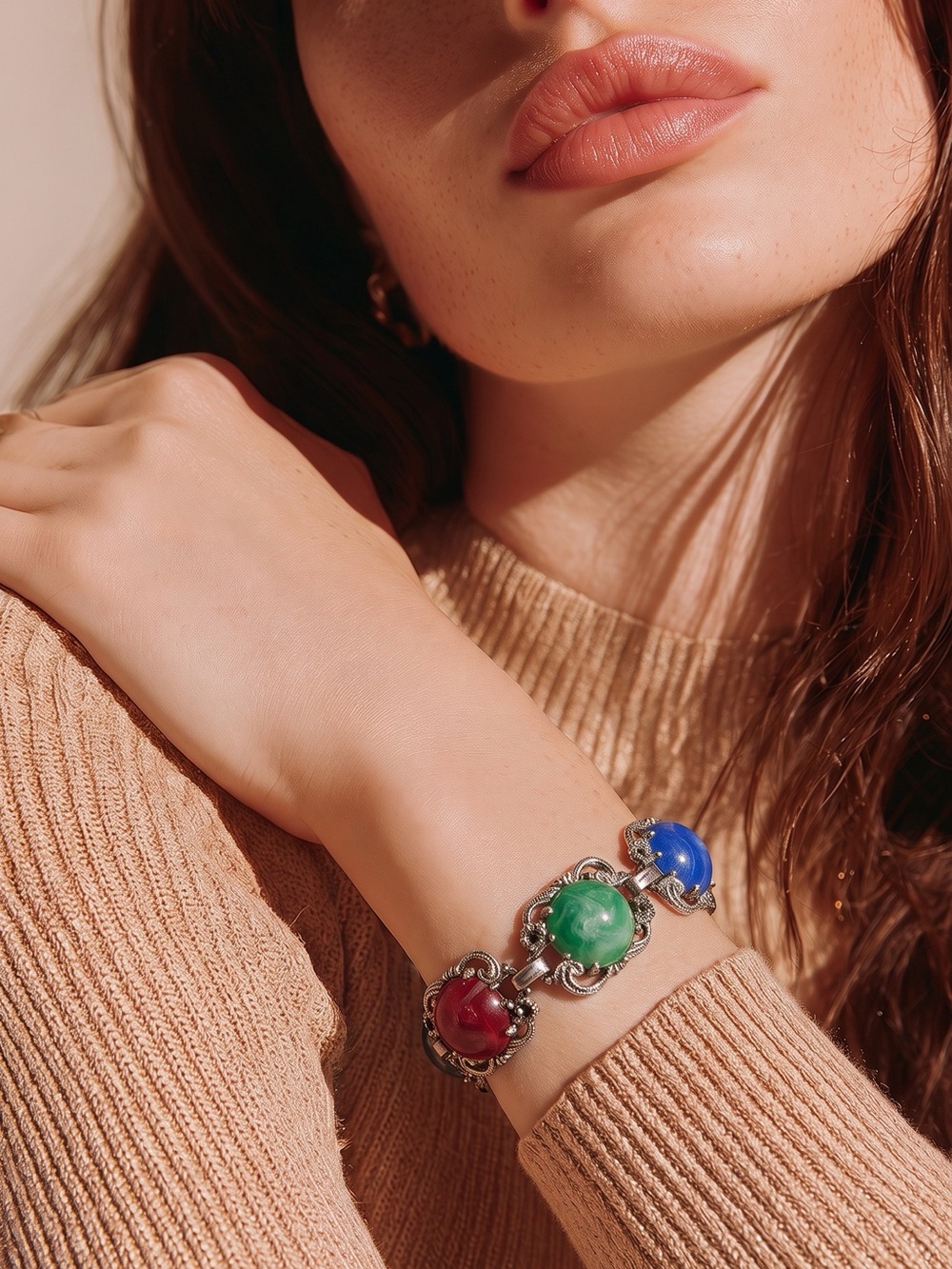 Vintage Silver-Tone Multi-Color Cabochon Bracelet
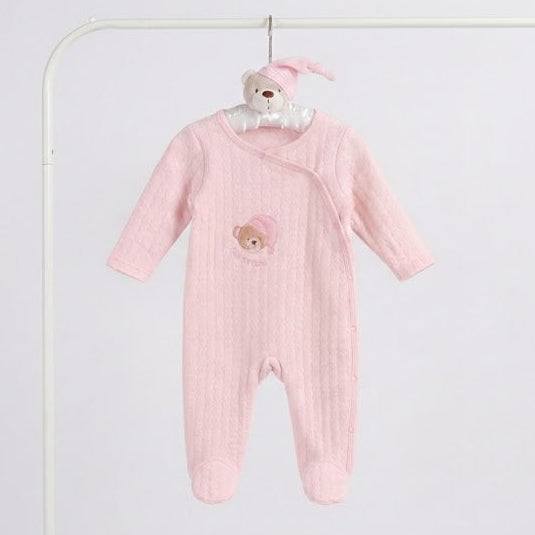 מארז אוברול+קולב דובי - ורוד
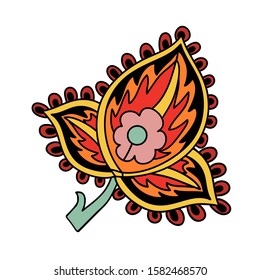 kalamkari vector fabric background ornament for creative design of posters, cards, banners, invitations, cloths, prints and wallpapers isolated flower east paisley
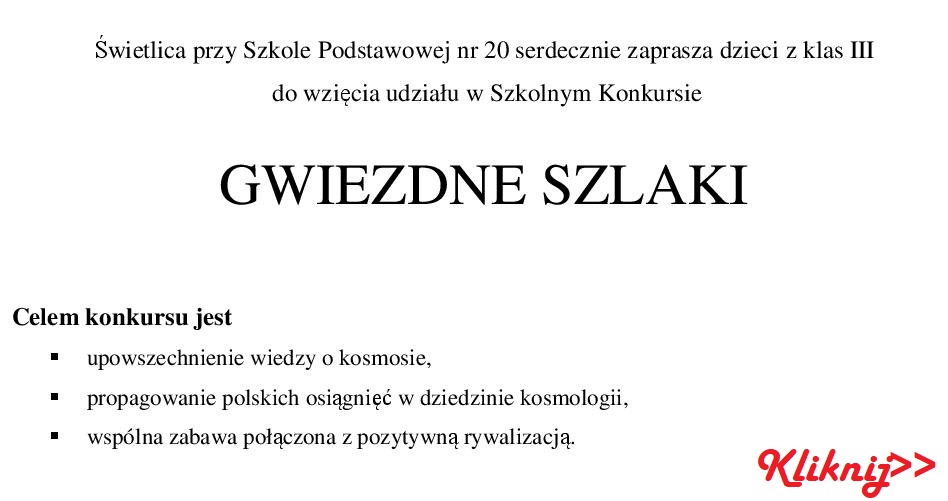 GWIEZDNE SZLAKI 2019s szkolny etap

Problem details: Quote in full the listing given above; the images are to be left out.

Answer below:
 Vintage Silver-Tone Multi-Color Cabochon Bracelet
 מארז אוברול+קולב דובי - ורוד
 kalamkari vector fabric background ornament for creative design of posters, cards, banners, invitations, cloths, prints and wallpapers isolated flower east paisley
 GWIEZDNE SZLAKI 2019s szkolny etap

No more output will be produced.